In a survey of 3,000 people, the actor Johnny Depp has been voted the epitome of "cool". Not bad for a former teen star whose first film role ended in his being eaten by a bed.
It is a sobering fact but Johnny Depp is now 41 years old.
That fresh faced youngster, so famously devoured by his mattress in A Nightmare on Elm Street - all of 20 years ago - has matured into a thoughtful actor, capable of performances of real emotional depth and no little charm.
The next Depp film to hit the big screen will be Libertine, the story of the debauched life of the Earl of Rochester, the 17th century poet, rake and sybarite who died of syphilis at the age of 33.
And the life of the film's star has mirrored that of the noble Earl.
"I think I lived the first 35 years of my life in a fog. I didn't really know what I wanted or who I was," he recently told an interviewer.
"I started smoking at 12, lost my virginity at 13 and did every kind of drug there was by 14."
Ooh, suits you sir. Depp on the Fast Show
Born in Owensboro, Kentucky in June 1963, Depp dropped out of school and played guitar in The Kids, a garage band which once opened for Iggy Pop.
An early failed marriage behind him, he was persuaded to try his hand at acting by Nicolas Cage and landed the role in Elm Street at his first audition.
The late 1980s saw Johnny Depp on television in the teen programme 21 Jump Street, but it was his performances in idiosyncratic films like Edward Scissorhands, What's Eating Gilbert Grape? and Donnie Brasco which established him as a major talent.
Off-screen, Depp was famous for his love-life - dating, among others, Juliette Lewis, Kate Moss and Winona Ryder, to whom he was engaged.
Apparently, after the couple split up, Depp had the tattoo on his arm changed from "Winona forever" to "Wino forever".
He also has an eclectic collection of friends, including Marlon Brando (before his death), Johnny Vegas and Keith Richards, on whose cod-camp manner Depp based his Academy Award-nominated performance as Jack Sparrow in Pirates of the Caribbean.
He has played guitar on an Oasis album, had a walk-on part on The Fast Show - another passion - and jointly owns Man Ray, a bar just off Paris' Champs-Elysees, with John Malkovich, Sean Penn and Mick Hucknall.

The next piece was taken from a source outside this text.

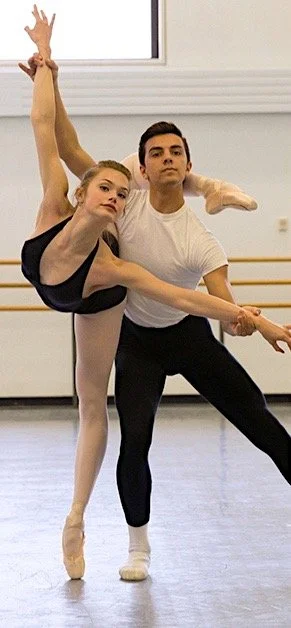A ballerina and a male ballet dancer during partnering rehearsal in a studio with large windows and ballet barres.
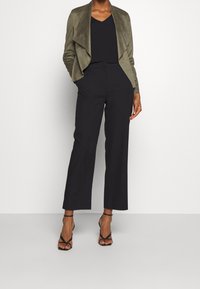 Giacca in suede verde oliva, morbida, con anteriore drappeggiato, indossata sopra un top nero e pantaloni neri a gamba larga; abbinata a tacchi neri con cinturini.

Unlike many of his contemporaries, who include Brad Pitt, Leonardo DiCaprio and Keanu Reeves, Depp has often appeared in less commercial movies, and has exhibited astonishing versatility.
He was spectacular as the drug-addled Raoul Duke in Fear and Loathing in Las Vegas, endearingly eccentric as Ichabod Crane in Sleepy Hollow and mysterious and tender opposite Juliette Binoche in Chocolat.
With Juliette Binoche in Chocolat
Depp's magic, it seems, lies in his ability to fine-tune his big screen appearances, often weaving intimacy and alienation to produce performances which are both exciting and artistically coherent.
His looks and style have won him fans from both sexes. Women fancy him, men think he's a good bloke. But his own good looks have not blinded Depp to the march of time.
"Ugliness is better than beauty," he says. "It lasts longer and in the end, gravity will get us all."
Today he splits his time between Los Angeles and the south of France where he lives with his wife, the singer Vanessa Paradis, and their two children.
And as for growing old, he says "I'm old-fashioned, so I want to be an old man with a beer belly, on a porch, looking at a lake or something."
In a herald of publicity, England's precocious football talent Wayne Rooney made a sensational debut for his new club, Manchester United. The star of this summer's European Championships in Portugal, in which his participation was ended when he broke a toe, Rooney was transferred from Everton to United for more than £20 million. In his first game for almost three months, he took the field against Turkish champions Fenerbace and scored a stunning hat-trick.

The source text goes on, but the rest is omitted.